Uma velha tese do PCP


Relembra-se, mais uma vez, uma velha tese do PCP. A democracia convive mal com o poder do grande capital. Antes e durante a Revolução de Abril dissemos que não haveria democracia plena sem a liquidação do poder dos monopólios. Previmos e prevenimos que a reconstituição dos grupos do grande capital arrastaria, inevitavelmente, choques, desfigurações e golpes no regime democrático.

E uma pergunta se impõe: o afã convergente do PS e da direita em reformar o sistema político destina-se a responder à «degenerescência» da democracia pelo poder antidemocrático do capital? É para combater o esvaziamento do poder do povo a favor do poder dos ricos, da oligarquia? Ou é para adequar o regime constitucional democrático e de Abril ao poder real da oligarquia? Para garantir à oligarquia a continuidade da alternância sem alternativas reais, com um «seguro» institucional contra sobressaltos do eleitorado?

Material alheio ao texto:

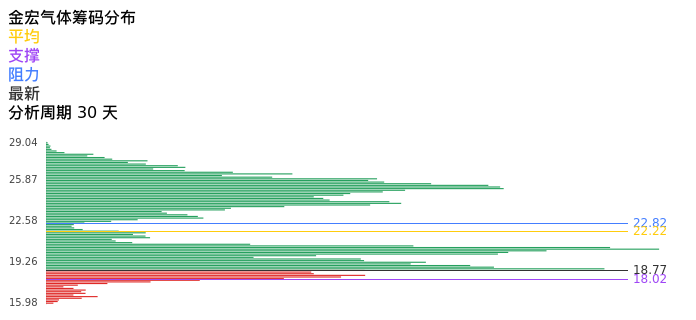 技术面-筹码分布、MACD图：金宏气体股票技术面分析报告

(1) O que se agravará se o novo projecto de governo apresentado pelo BCE face ao alargamento for aprovado, laminando ainda mais o já reduzido poder dos pequenos e médios países, a favor e consolidando explicitamente o comando do BCE pelos Estados com as cinco economias mais poderosas da zona euro – Alemanha, França, Itália, Espanha e Holanda.